If a rural county has a county seat with more than 50,000 people, the county seat would counted as urban and the rest of the county would be rural. Otherwise the whole county is normally counted as rural. But in big urban areas, like the northeast corridor, many areas that you would consider as rural are included in the urban areas. So there is a significant amount of crossover at the edges of these two types of areas. For instance, for broadband purposes we know that somebody that lives 50 feet past where the cable company stops at a county seat might not be able to get broadband, but they might often still be counted as urban.

The raw data that backs up these statistics is still self-reported to the FCC by the ISPs annually on Form 477. On this form telcos and cable companies must report the speeds that they deliver to census blocks, which are census-defined areas of 500 to 900 homes. I looked through this mass of data and there are a huge number of census blocks that are reported at broadband speeds like 3 Mbps or 6 Mbps download. In most cases this is DSL, and our experience is that a whole lot of people in rural DSL areas can’t really get those speeds. That is the ‘advertised’ speed or the theoretical speed. This has always been an issue and I’ve always contended that there are far more homes that can’t get broadband than are reported by Form 477.

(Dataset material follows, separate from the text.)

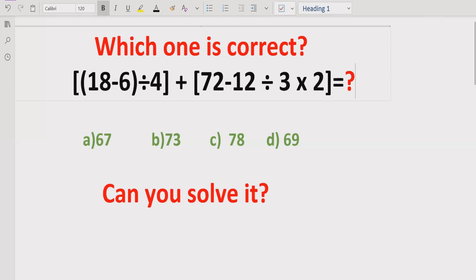Hello guys, welcome to my channel. Today we'll solve another quiz which is related to the BODMAS and PEMDAS method.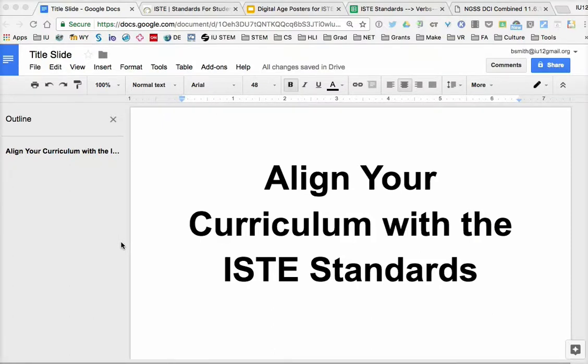Hello, and welcome to our summer video to go along with our column that appeared in the summer issue of the Science Teacher. The topic was aligning your curriculum with the ISTE standards.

Using these FCC numbers means that there are about 24 million people (or 10 million homes) in the rural areas that can’t get the FCC’s defined broadband speeds. While the 4% of urban areas that can’t get fast broadband sounds small, it still equates to 10.4 million people or 4.3 million homes. So what the FCC numbers are really saying is that there are 34 million people and 14.7 million homes in the country that can’t get an FCC-define broadband connection.

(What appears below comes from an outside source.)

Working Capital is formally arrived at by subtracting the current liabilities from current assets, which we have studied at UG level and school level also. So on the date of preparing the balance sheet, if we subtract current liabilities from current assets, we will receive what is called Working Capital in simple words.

I am positive that this number is conservatively low. Census blocks are not assigned by nice political boundaries and there are huge numbers of census blocks that cover both towns and country areas. There has to be many homes that are in census blocks where some of the people can get the speeds shown on Form 477 while others can’t. My guess is that there must be additional millions of people that supposedly can get broadband but that really can’t. Even in towns anybody that lives right past where the cable TV network stops is not going to get much broadband.

The FCC says that they are solving part of the rural broadband problem with CAF II funding which is supposed to bring faster connections to 3.6 million of these homes. But those funds only require upgrades to technology that will achieve 10 Mbps download and 1 Mbps upload. That program is not going to remove any homes from the list of those that can’t get broadband.

I really hate to see public announcements that talk in nationwide percentages instead of numbers. This always makes it feel like they are trying to pull something over on us. I had to dig really hard to go one level behind the one-page press release – and that doesn’t really help the public to understand the situation. Much more useful would have been detailed tables by geographic areas that let people see the state of broadband in their area. I suspect they don’t do that because then many of the problems with carrier self-reporting would be more obvious.

2 thoughts on “How Many Homes Can’t Get Broadband?

  1. Here in the Rocky Mountain West, we have long seen this process as bordering on the totally useless. In the age of Big Data, why does the FCC use 1980’s processes to make these determinations? Why not map out every human habitation and attempt to attach IP or MAC addresses to actual speed test performance? “We have the technology…”

    • You are right. The FCC went to the opposite extreme, which was to put out a one page press release with half dozen global statistics. They way they’ve done it is useless for anybody who wants to do anything meaningful with the data. They did, however, make all of the Form 477 filings available and if one had any faith that carrier self-reporting was any relevance you could do something with that data.